Keine Probleme gab es bei den Sicherheitskontrollen an den Eingängen und an den Absperrungen rund um die Wiesn. Von den Anlaufschwierigkeiten des vergangenen Jahres war diesmal nichts mehr zu bemerken. Neu war dieses Jahr, dass das Festgelände erst um neun Uhr geöffnet wurde - also erst, nachdem alle größeren Lieferwagen wieder abgefahren sind. Damit soll verhindert werden, dass Terroristen Anschläge mit Transportern wie in Nizza, Berlin oder Barcelona verüben. Die Trennung von Lastwagen- und Besucherverkehr am Morgen scheint im Wesentlichen gut zu funktionieren. Am ersten Wochenende befanden sich nur noch wenige kleinere Lieferwagen auf dem Gelände, die großen Laster waren schon früher verschwunden.

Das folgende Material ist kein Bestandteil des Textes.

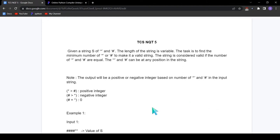Hey everyone, welcome to Sartek Programming. Today we will be seeing the 5th question of this series in which I will be covering previous year TCS NQT and Ninja coding questions. This is the 5th video of this playlist. If you haven't checked the first 4 videos, do check them out.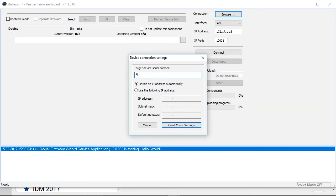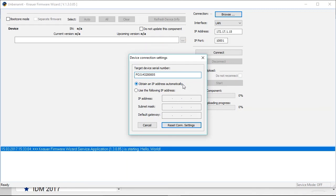So in my case it was FOJ 1432 4 times 0 and 5. And now you can choose if you want to obtain an IP address automatically, so to reset it to the DHCP protocol, or to type in an individual fixed IP.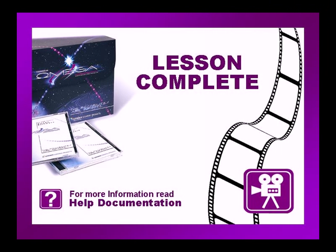This concludes this lesson. Be sure to check if there are any exercises or tip videos associated with this lesson before continuing. For more information on this and other topics, please consult the Omega help file or press F1 in Composer.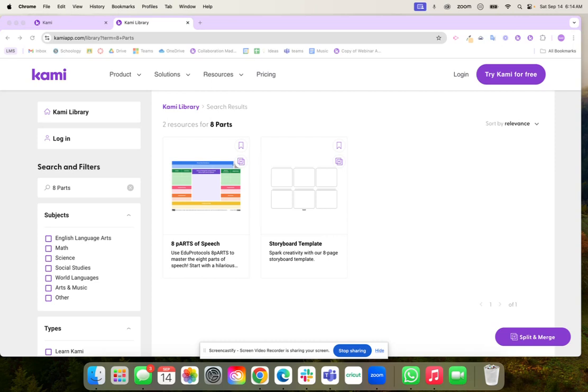We're going to first start in the Kami library and with this activity we're going to use the eight parts template. We're going to do it as a group because we want to help our students understand the process of the eight parts. We're going to slowly scaffold them so they're able to be successful to do this activity all on their own.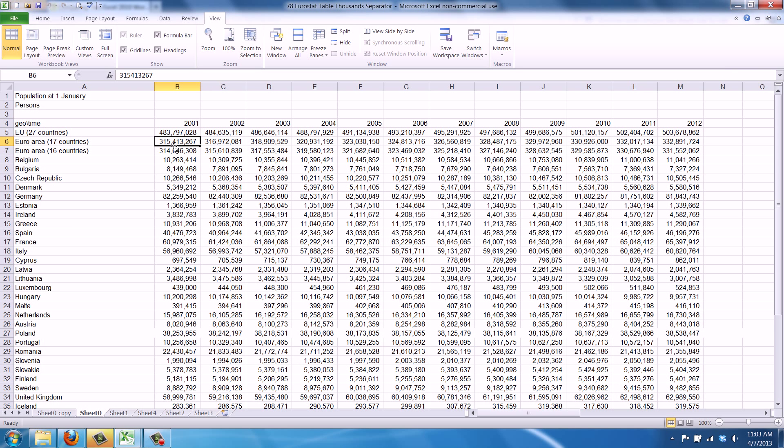Welcome to WorkSmarterTV. I am Maarten and in this video I will show you how to compare two Excel sheets side by side.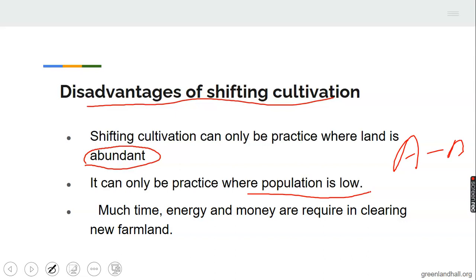Three, energy, time, and money are required in clearing new farmland. Because the farm has been left for a while, it goes back to bush. For the farmer to return to that particular land, he needs to clear it before cultivating. So energy, time, and money are all required for clearing both the new land being moved to and the old land when returning to it.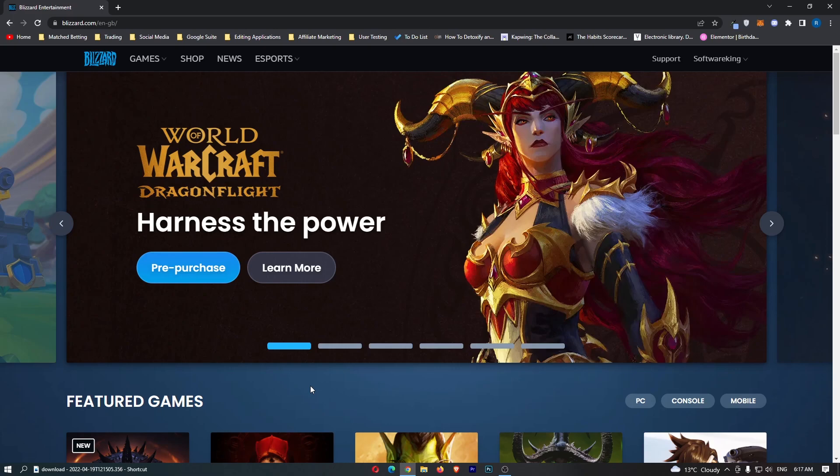To do this, you first of all want to log into blizzard.com, and once you have logged into Blizzard, you will be taken to a screen that looks like this.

Lange Schlangen vor den Eingängen

Bei den Besuchern aber hatte sich anscheinend noch nicht überall herumgesprochen, dass das Festgelände erst um neun Uhr geöffnet wird. An den Eingängen bildeten sich lange Schlangen. Vor dem Eingang zur Matthias-Pschorr-Straße am Esperantoplatz reichte sie am Samstag fast bis zum Goetheplatz. Sie löste sich allerdings schnell auf, nachdem der Eingang geöffnet wurde. Dann begann die Stampede: Die überwiegend jugendlichen Wiesnfans, viele davon offenbar Touristen, liefen zumeist im gestreckten Galopp zu ihren Lieblingszelten, um dort noch rechtzeitig einen Platz zu ergattern.

Eine weitere Neuheit ist die Beschallungsanlage, die im Notfall individuelle Durchsagen in einzelnen Zelten und an Brennpunkten ermöglichen soll. Im Normalfall werden mit ihr die Besucher morgens begrüßt und bei Betriebsschluss wieder verabschiedet. Auf dem Festgelände klingen die Ansagen allerdings so ähnlich wie in einer stark belebten Bahnhofshalle: Man versteht kaum etwas von ihnen.

Ansonsten gibt es von weiteren Neuerungen so gut wie keine Probleme zu berichten. Das neue Volkssängerzelt "Zur Schönheitskönigin" ist der ganze Stolz von Wirt Peter Reichert und wird noch immer mit Hofbräu-Bier beliefert, obwohl Jürgen Kirner von der Couplet AG es beim Anzapfen durch Wirtschaftsministerin Ilse Aigner (CSU) zur "söderfreien Zone" erklärt hatte - und Finanzminister Markus Söder (CSU) ist schließlich der oberste Chef von Hofbräu. In der nagelneuen Ochsenbraterei, die nun über eine durchlaufende Galerie und ein Drittel mehr Toiletten verfügt, ist Wirtin Anneliese Haberl ganz begeistert: "Es lief von Anfang an völlig reibungslos. Hat mich selbst gewundert, denn normalerweise gibt es ja immer irgendwo ein Problem." Auch bei den Gästen komme das Zelt gut an, weil es höher sei und dadurch luftiger wirke. Auch die bauschigen, weißblauen Stoffbahnen an der Zeltdecke veränderten den Gesamteindruck positiv.

So positiv wie der des Wiesn-Chefs, Bürgermeister Josef Schmid (CSU), von den ersten beiden Festtagen überhaupt. "Die Liebe zur Wiesn kehrt zurück!", stellte er fest. Auch die Schausteller und Wirte, heißt es in einer städtischen Mitteilung, seien zufrieden. Wirtesprecher Toni Roiderer vom Hackerzelt wird mit den Worten zitiert: "Ein rundum gelungener Einstand!", und Edmund Radlinger, Chef der Münchner Schausteller, spricht ebenfalls von einem guten Start.